The most expensive way, the way of the BIG traditional publisher, with a campaign that put the publisher’s entire resources behind a gamble: that they could push a literary novel into being THE literary novel of the season, make it a ‘must have’ and sell enough copies to justify the advance, the push, AND enhance the publisher’s reputation.
Not just reputation, but selling a reasonable number of paper bricks at a hardcover price is lucrative – one well-publicized ‘winner’ can carry the publishing house’s season.
The economics get all fuzzy if the numbers don’t work out, or they would use this system for all their books every season. But the economics MUST work out, or the big publishers wouldn’t keep trying to find (make) the breakout novel of the season.
In sum, it costs a lot of money, but can pay off with a lot MORE money.
How to take advantage of the possibility if you’re an SPA?
Well, if you’re already a popular SPA like Brandon Sanderson, with a loyal fan base, you can kick it to the next level with a huge Kickstarter calculated to both satisfy those fans and create a beautiful buzz for your books. [Hint: He wrote four books in secret – and then releases them to his Kickstarter fans before anyone else is allowed to buy them.]
What if you’re an unknown SPA?
Then you have to hope like crazy that you catch the public imagination – or, possibly better still, the attention of a significant influencer, and get the push from someone else’s fame.
Because the product is not an easy one to sell. For one thing, they consume, each, almost a whole waking day. And there isn’t yet an audiobook so you can do other things while listening – plus it needs closer attention than many, to pick up and follow its varied threads. It’s a pretty intense experience to live a story with three main characters by sitting inside their heads, right behind the eyeballs, thinking their thoughts and registering the external world through their senses.
Not a short commitment from a potential reader, as a popular five-minute song might be.
Add to the mix an author with no energy due to a boring chronic illness – no energy to do the vaunted indie marketing, which requires dedication and verve, spending hours creating material and doing what a whole lot of professionals at a traditional publisher will do for a favored author: designer cover, a book tour, appearances on media from internet to live TV, promotions at Walmart, movie tie-ins for the fortunate… arranging, arranging, arranging – by someone(s).
The right mix of promoting the book and promoting the writer is crucial – time-critical and planned and managed. And still subject to luck. Not just the cost – but the contacts – are crucial to try to control the presentation and roll-out for maximum exposure.
So what do I OFFER such an influencer?
Few things can be left to random kindness any more.
The best value from an influencer is one who discovers your book – and promotes it on their channel of influence (think BookTok) – without any work from the author. Because they like it.

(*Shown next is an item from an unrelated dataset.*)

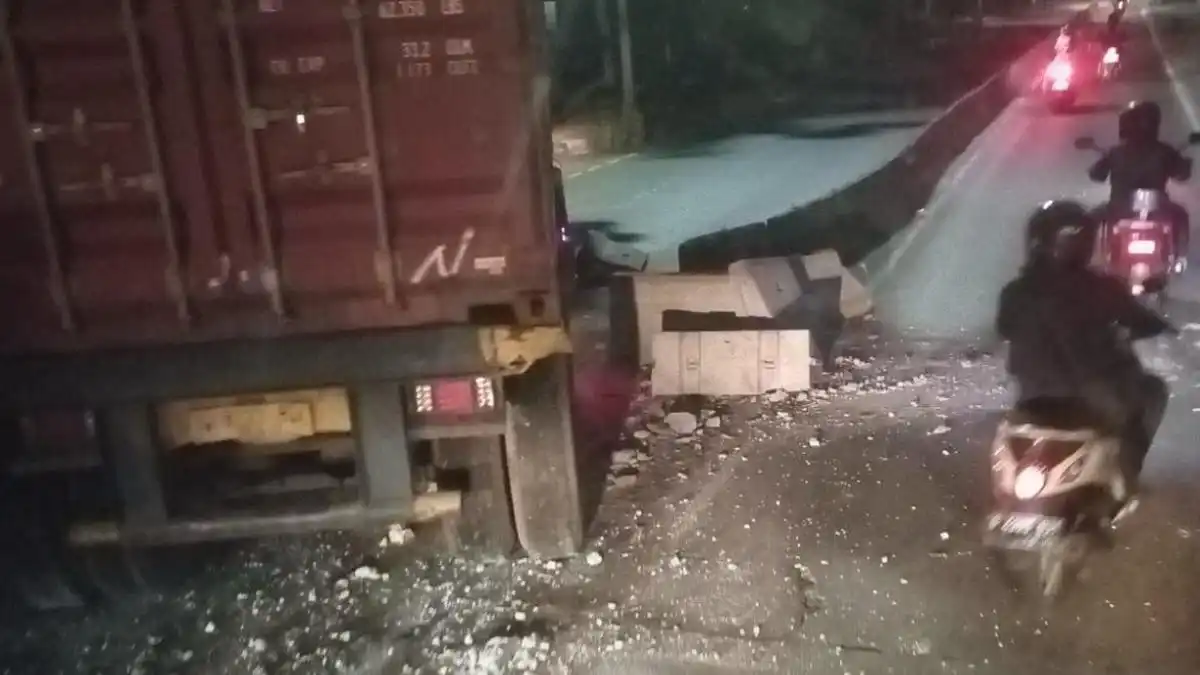 Truk Kontainer Tabrak Separator TransJakarta di Dekat Halte Grogol Truk Kontainer Tabrak Separator TransJakarta di Dekat Halte Grogol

But no one can COUNT on that LUCK. Even when a book such as the lovely The Sound of a Wild Snail Eating, written by a very ill woman who paid attention to the snail in a terrarium, happens, there are friends and pushers, people who did the work of finding a publisher for her, who made it their job to promote her memoir and her writing. Another book which didn’t count on luck, but was awarded the Pulitzer for fiction, A Confederacy of Dunces, was pushed, after he couldn’t get it published and committed suicide, by John Kennedy Toole’s mother, to writer Walker Percy. Again, not something to count on.
What I can offer is the brownie points (does anyone still remember those?) from discovering something unique: a chronically ill and disabled writer who takes forever, but writes mainstream fiction – and writes it well, or the influencer wouldn’t even be considering using up their points for someone else. It could be pushed as ‘discovering the indie/self-published X’, where X is the influencer’s favorite important mainstream writer. I’m far too modest to suggest a comparison author, but my reviewers (at least two) have compared me to Jane Austen. It’s worth a thought.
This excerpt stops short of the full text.